Structural Capabilities in Small- and Medium- Sized Patient-Centered Medical Homes

Authors, Primary Alidina,Shehnaz;Schneider,Eric C.;Singer,Sara J.;Rosenthal,Meredith B.
Title Primary Structural Capabilities in Small- and Medium- Sized Patient-Centered Medical Homes
Periodical Full American Journal of Managed Care
Pub Year 2014
Volume 20
issue 9
Start Page Not Available
Abstract Objectives 1) Evaluate structural capabilities associated with the patient-centered medical home (PCMH) model in PCMH pilots in Colorado, Ohio, and Rhode Island; 2) evaluate changes in capabilities over 2 years in the Rhode Island pilot; and 3) evaluate facilitators and barriers to the adoption of capabilities. Study Design We assessed structural capabilities in the 30 pilot practices using a cross-sectional study design and examined changes over 2 years in 5 Rhode Island practices using a pre/post design.
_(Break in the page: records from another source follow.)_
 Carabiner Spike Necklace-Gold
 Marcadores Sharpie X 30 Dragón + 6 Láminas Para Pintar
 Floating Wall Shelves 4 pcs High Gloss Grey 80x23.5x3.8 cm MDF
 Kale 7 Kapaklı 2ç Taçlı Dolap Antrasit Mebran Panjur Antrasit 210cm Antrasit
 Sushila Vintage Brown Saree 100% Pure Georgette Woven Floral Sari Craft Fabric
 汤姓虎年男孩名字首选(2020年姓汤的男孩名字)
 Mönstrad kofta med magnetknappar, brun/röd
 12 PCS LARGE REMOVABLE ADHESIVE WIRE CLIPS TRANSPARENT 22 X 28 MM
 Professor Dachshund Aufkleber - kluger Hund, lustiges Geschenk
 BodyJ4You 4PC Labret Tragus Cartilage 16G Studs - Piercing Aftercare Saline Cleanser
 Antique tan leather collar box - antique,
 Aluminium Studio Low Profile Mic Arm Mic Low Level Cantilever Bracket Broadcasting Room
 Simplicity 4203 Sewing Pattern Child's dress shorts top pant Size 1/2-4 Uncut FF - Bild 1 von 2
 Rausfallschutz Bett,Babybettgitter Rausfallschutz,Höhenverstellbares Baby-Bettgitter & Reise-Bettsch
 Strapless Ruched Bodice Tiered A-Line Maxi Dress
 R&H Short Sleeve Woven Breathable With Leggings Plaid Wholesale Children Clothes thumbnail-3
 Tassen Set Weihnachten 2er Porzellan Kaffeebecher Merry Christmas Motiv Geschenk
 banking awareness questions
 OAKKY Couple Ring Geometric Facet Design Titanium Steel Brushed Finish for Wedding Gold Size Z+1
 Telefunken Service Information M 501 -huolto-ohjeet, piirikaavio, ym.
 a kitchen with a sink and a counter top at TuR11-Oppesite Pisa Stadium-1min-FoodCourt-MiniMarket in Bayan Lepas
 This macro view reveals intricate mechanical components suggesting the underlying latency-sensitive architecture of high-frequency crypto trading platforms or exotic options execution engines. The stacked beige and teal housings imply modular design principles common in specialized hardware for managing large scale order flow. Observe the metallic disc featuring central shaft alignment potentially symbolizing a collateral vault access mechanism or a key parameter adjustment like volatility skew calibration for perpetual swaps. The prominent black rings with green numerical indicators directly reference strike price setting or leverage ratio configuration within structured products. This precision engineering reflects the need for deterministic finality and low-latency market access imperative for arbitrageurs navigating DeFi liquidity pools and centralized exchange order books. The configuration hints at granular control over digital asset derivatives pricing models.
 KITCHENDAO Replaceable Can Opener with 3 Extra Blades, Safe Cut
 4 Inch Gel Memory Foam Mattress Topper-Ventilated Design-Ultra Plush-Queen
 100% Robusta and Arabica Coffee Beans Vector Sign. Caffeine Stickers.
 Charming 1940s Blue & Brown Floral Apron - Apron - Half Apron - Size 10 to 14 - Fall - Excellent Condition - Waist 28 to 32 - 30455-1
Methods We used National Committee for Quality Assurance's Physician Practice Connections-Patient-Centered Medical Home (PPC/PCMH) accreditation survey data to measure capabilities. We stratified by high and low performance based on total score and by practice size. We analyzed change from baseline to 24 months for the Rhode Island practices. We analyzed qualitative data from interviews with practice leaders to identify facilitators and barriers to building capabilities. Results On average, practices scored 73 points (out of 100 points) for structural capabilities. High and low performers differed most on electronic prescribing, patient self-management, and care-management standards. Rhode Island practices averaged 42 points at baseline, and reached 90 points by the end of year 2. Some of the key facilitators that emerged were payment incentives, "transformation coaches," learning collaboratives, and data availability supporting performance management and quality improvement. Barriers to improvement included the extent of transformation required, technology shortcomings, slow cultural change, change fatigue, and lack of broader payment reform. Conclusions For these early adopters, prevalence of structural capabilities was high, and performance was substantially improved for practices with initially lower capabilities. We conclude that building capabilities requires payment reform, attention to implementation, and cultural change.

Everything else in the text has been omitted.